Evolutionary explanations of genetically determined polymorphisms are
numerous. Ford and others have been preoccupied with situations in which the
heterozygote was fitter than either homozygote. Mather (195 5 ) explained
polymorphism as an outcome of disruptive selection when temporal variation
in the environment resulted in different optima being favoured in different
generations. Levene (1953) had previously shown that polymorphism without
superior fitness in the heterozygote could arise in a population if it could be
divided into sub-populations in different ecological niches, experiencing
different selection pressures Lewontin (1958) and Haldane & Jayakar (1963a
& b) independently showed that polymorphism, dependent upon the superior
fitness of either homozygote in changing environments, could be maintained by
disruptive selection provided selection pressures are great enough. Mayr ( 1963)
was sceptical about the possible importance of disruptive selection.
Most mathematical models conclude that disruptive selection can maintain
genetically determined polymorphisms if applied rigorously enough. The
subject was reviewed briefly by Maynard Smith (1970b). As Levins (1961)
pointed out, such disruptive selection has to be rigorous enough to override
what he called the “Epaminondas effect’’ after the small boy in the nursery
story who always offered the correct solution for the previously existing
situation. It may be important to observe that such apparently regularly
alternating forms such as summer and winter generations are not usually
genetically determined, but are frequently environmentally (often photoperiodically) cued polymorphs. Both Lewontin (1957) and Levins (1961)
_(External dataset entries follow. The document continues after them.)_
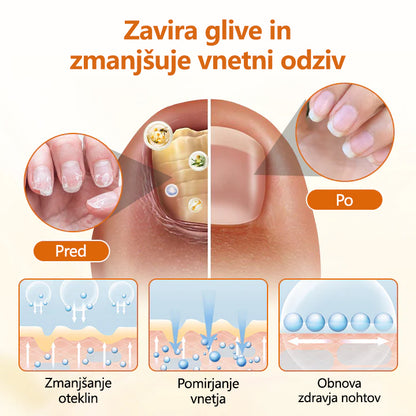 CleraNaure® FungiBee Napreden sprej za obnovo nohtov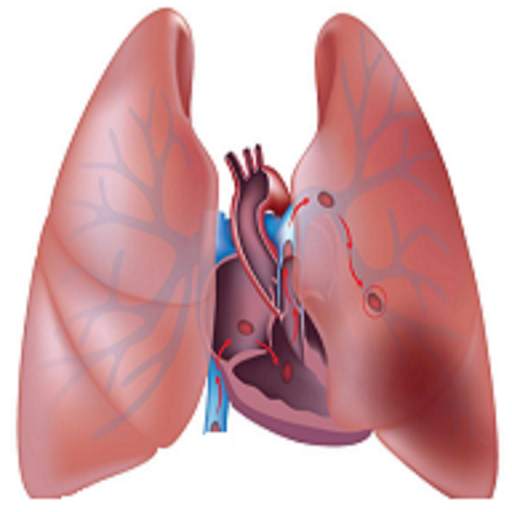 Pulmonary & Diseases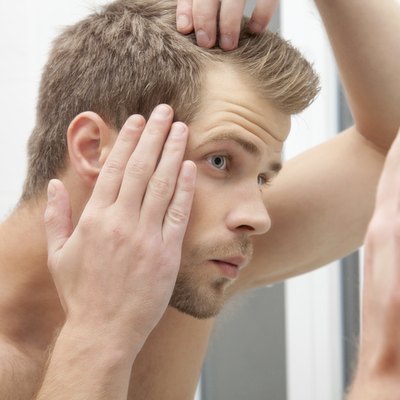 Handsome young man worried about hairloss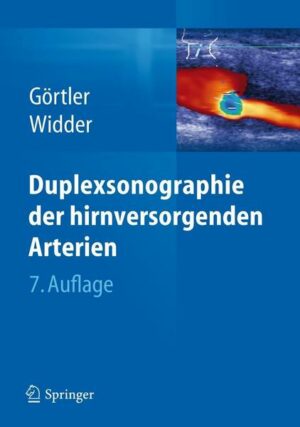 Duplexsonographie der hirnversorgenden Arterien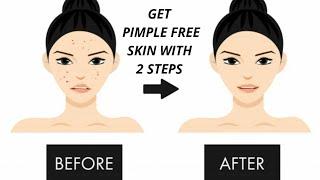 How to prevent pimple from skin|Beauty secret by samira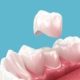 Pourquoi changer une couronne dentaire ?
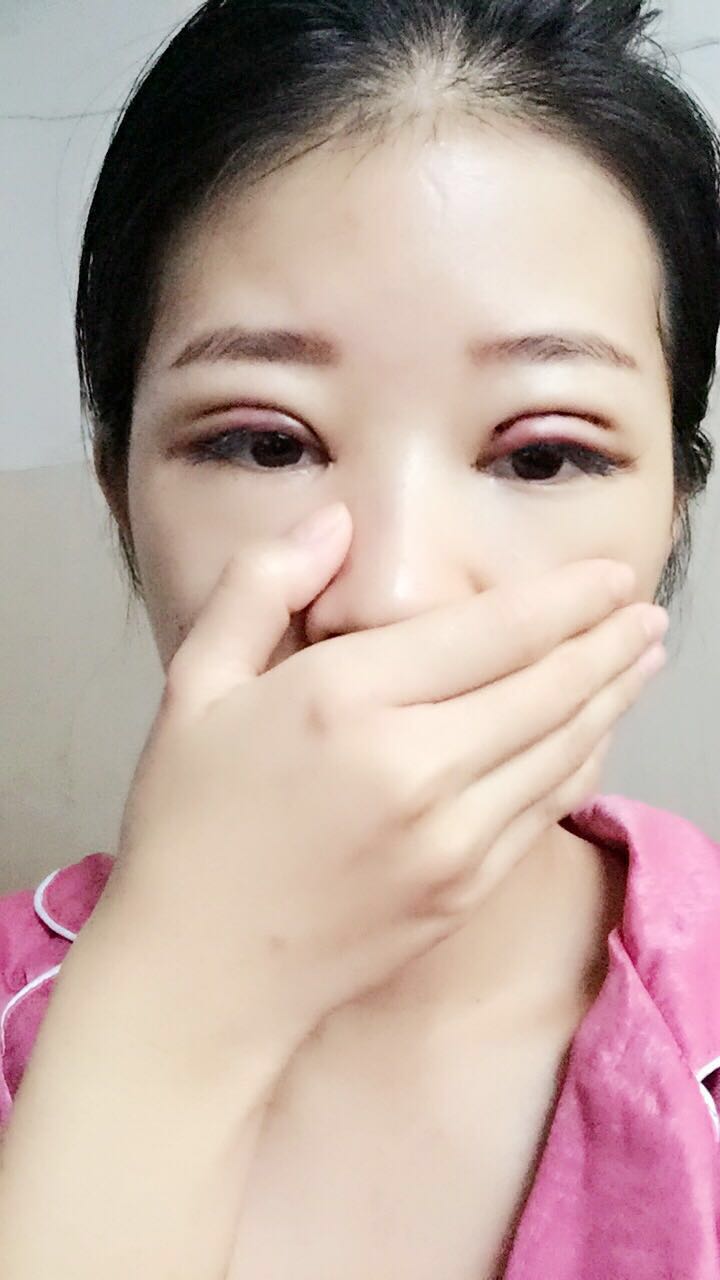 深圳晨曦醫(yī)療整形醫(yī)生吉米斯做切開雙眼皮怎么樣？吉米斯切開雙眼皮案例效果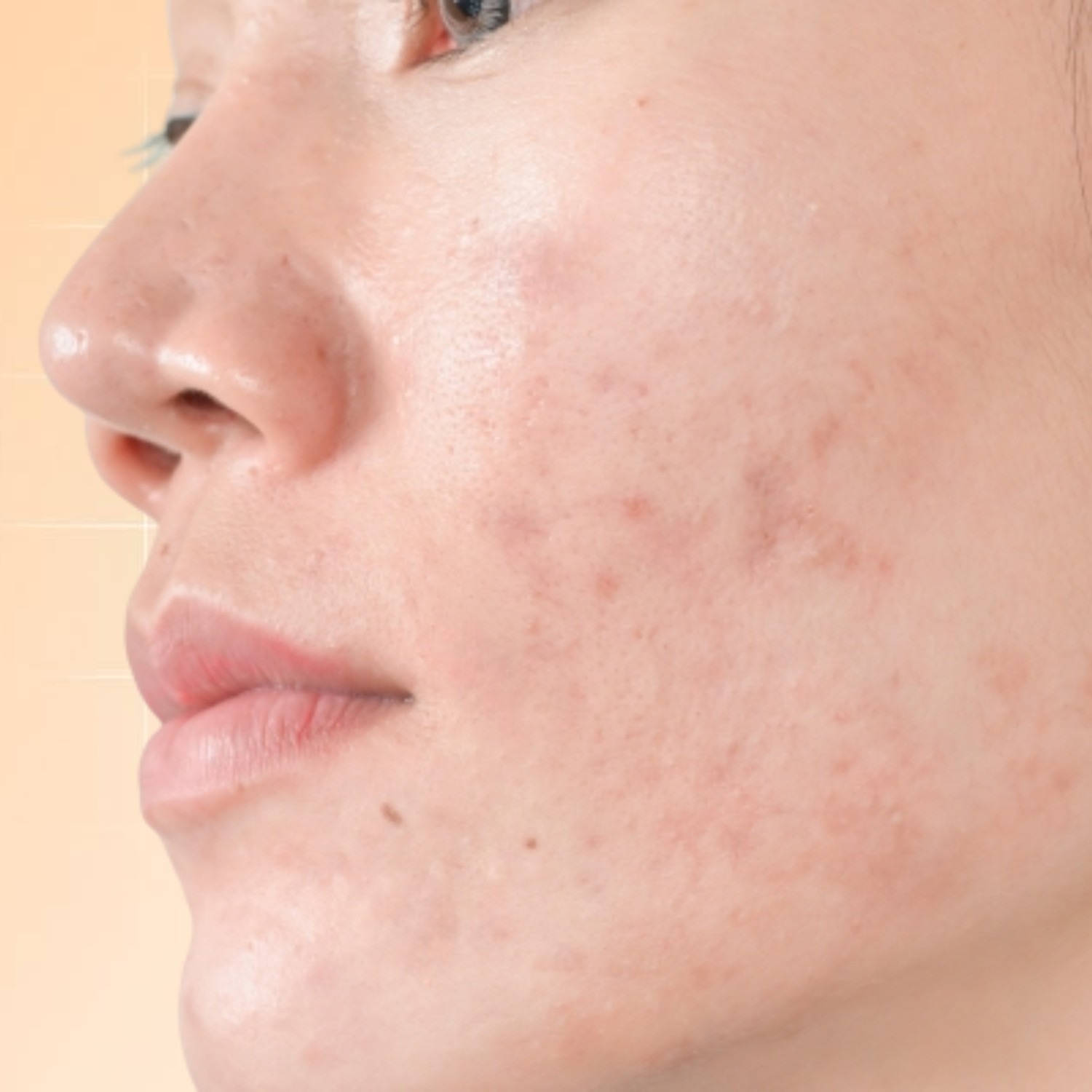 Da xỉn màu không đều màu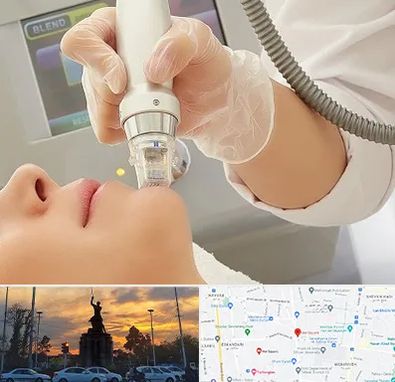 آر اف فرکشنال در میدان حر 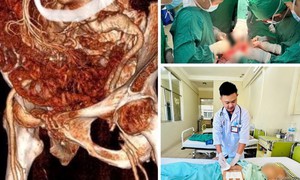Phẫu thuật cứu sống kịp thời bệnh nh&#226;n 86 tuổi vỡ ph&#236;nh động mạch chủ bụng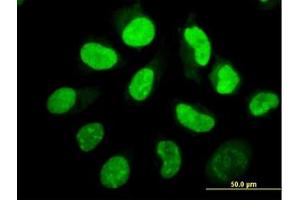 Image no. 4 for anti-Eukaryotic Translation Initiation Factor 2-alpha Kinase 2 (EIF2AK2) (AA 1-101) antibody (ABIN598901) (EIF2AK2 抗体  (AA 1-101))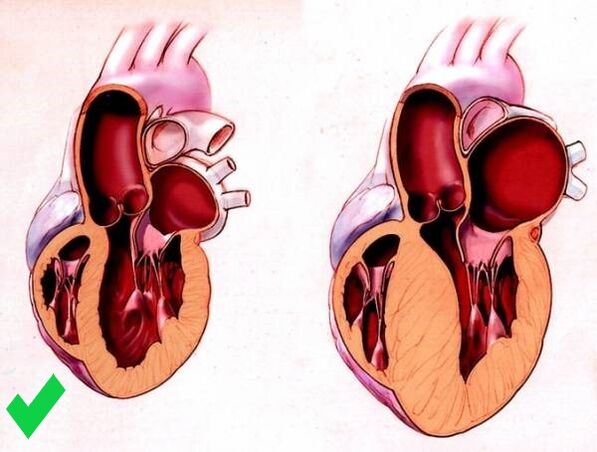 Cardione apsaugo nuo širdies skilvelių hipertrofijos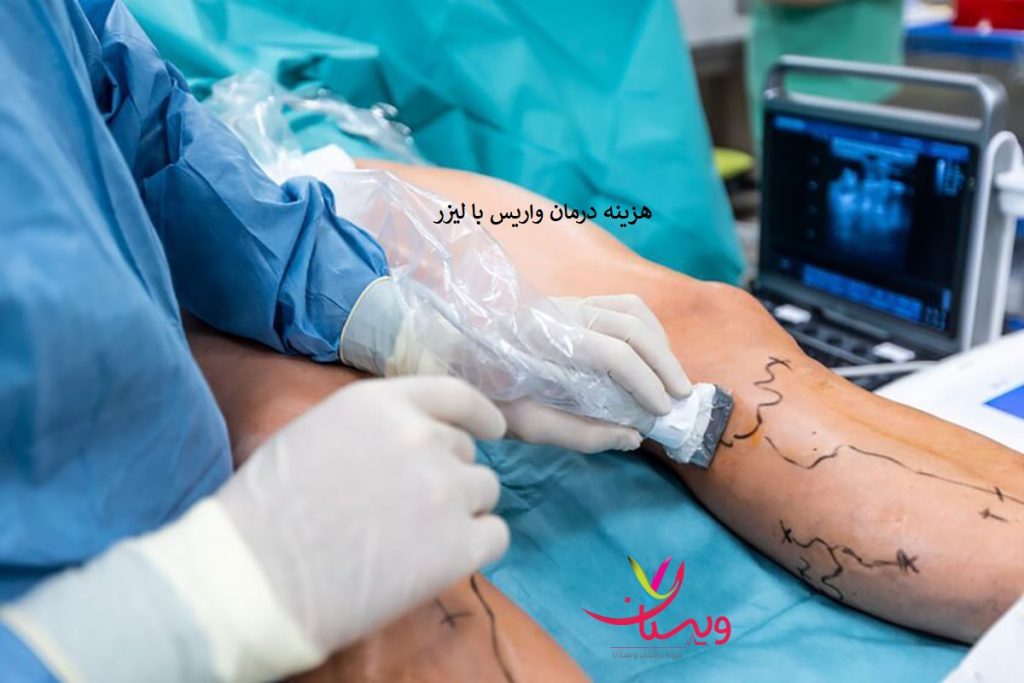 هزینه درمان واریس با لیزر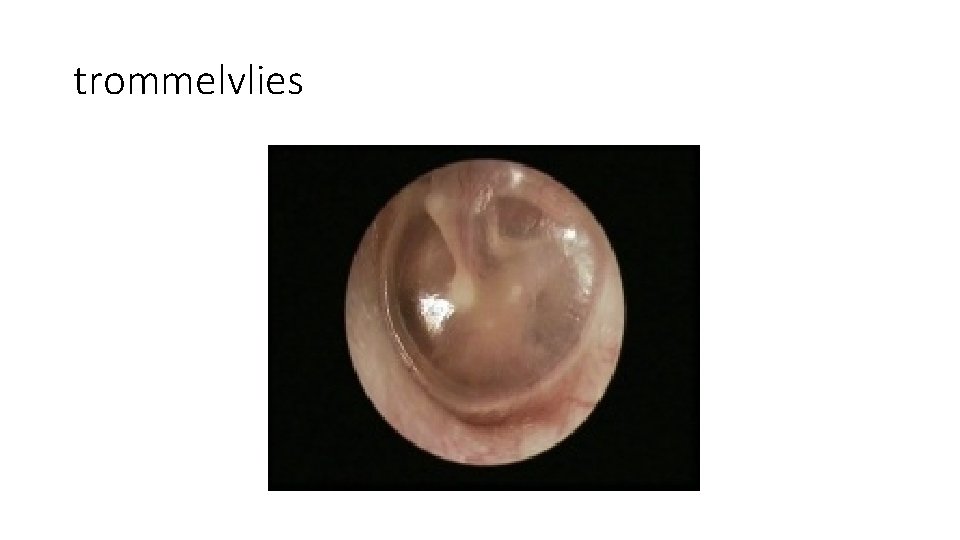 trommelvlies trommelvlies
appreciated the significance of environmentally cued morphs in achieving close
adaptation in heterogeneous environments but baulked at calling them
polymorphs. Williams & Mitton (1973), however, overlooked a most important
role of environmentally cued polymorphism as exhibited by aphids and
cladocerans (which may also show both gonochoristic and parthenogenetic
reproduction) with marked polymorphism even amongst the parthenogens
when they wrote: “With asexual reproduction, each generation would begin
with only those genotypes that had been favourably selected for seasonal
conditions opposite to those that will actually be faced.” This statement
assumes all phenotypes to be genetically determined rather than genetically
permitted or facilitated and further overlooked the possibilities of at least
limited genetic change during “endomeiosis” as claimed by Bacci et al., (1961)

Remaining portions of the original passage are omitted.